Ireland Paying For 'One Hell Of A Borrowing Binge'...

Country now paying for 'one hell of a borrowing binge'...

WE HAVE been on "one hell of a borrowing and spending binge" in recent years and now we have to face up to a radical change in our standard of living and expectations, the Céifin conference heard.

Jim Power, chief economist with Friends First, said the Government's role in allowing spending to grow by 10-12 per cent a year in recent years was "absolutely criminal" and we would now pay for that mismanagement.

Personal debt rose from €20 billion to more than €140 billion between 1999 and 2007, he said. "That is . . . one hell of a borrowing binge."

Asked about the role of the banks in fuelling spending, Mr Power said he had worked as a banker for 20 "very unhappy years" and the incentivisation structures always worried him.

"You were incentivised on the quantity of what you sold, not on the quality. I think the incentivisation structure did encourage irresponsible behaviour."

He said the Government would have to take tough decisions such as tackling taxation. "I wouldn't be in favour of a significant increase in taxes, but what I do think we need to look at is a significant widening of the tax base. It's not very popular, but I believe a property tax is essential."

He also urged against education cuts, saying education was the key factor if we were to emerge from the economic situation intact.

Mary Forde, principal of the Presentation College, Athenry, painted a bleak picture when she spoke of teachers being forced into parenting roles because some parents were incapable of doing this. "It's not unusual for us to provide breakfast, dinner and supper for some children. And that's not just in my school," she said.

Ms Forde pointed to the Budget cutbacks which will come into force in January, and asked how schools would be able to continue to help such students.

"I really can't go to the convent again, looking for another extension of finance," she said.
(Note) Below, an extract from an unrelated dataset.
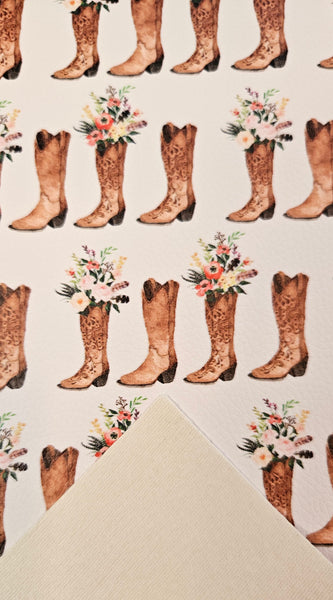 "Cowfolk Boots" Textured Faux Leather Sheet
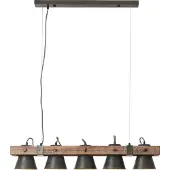 Brilliant Lampe suspendue 5 lumières Decca noir avec du marron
Teachers were forced to intervene to assist children from broken homes and many felt they did not have the skills to help. Children from dysfunctional homes have told teachers "I wish there were no holidays" as they went on the summer break, she said.

Ms Forde was delivering the inaugural Patrick Hillery Memorial Lecture. The former president was a regular attender at the annual Céifin conferences.

Bishop Willie Walsh presented the 2008 Céifin award to Dr Hillery's widow Maeve.

Report by ALISON HEALY - Irish Times Newspaper.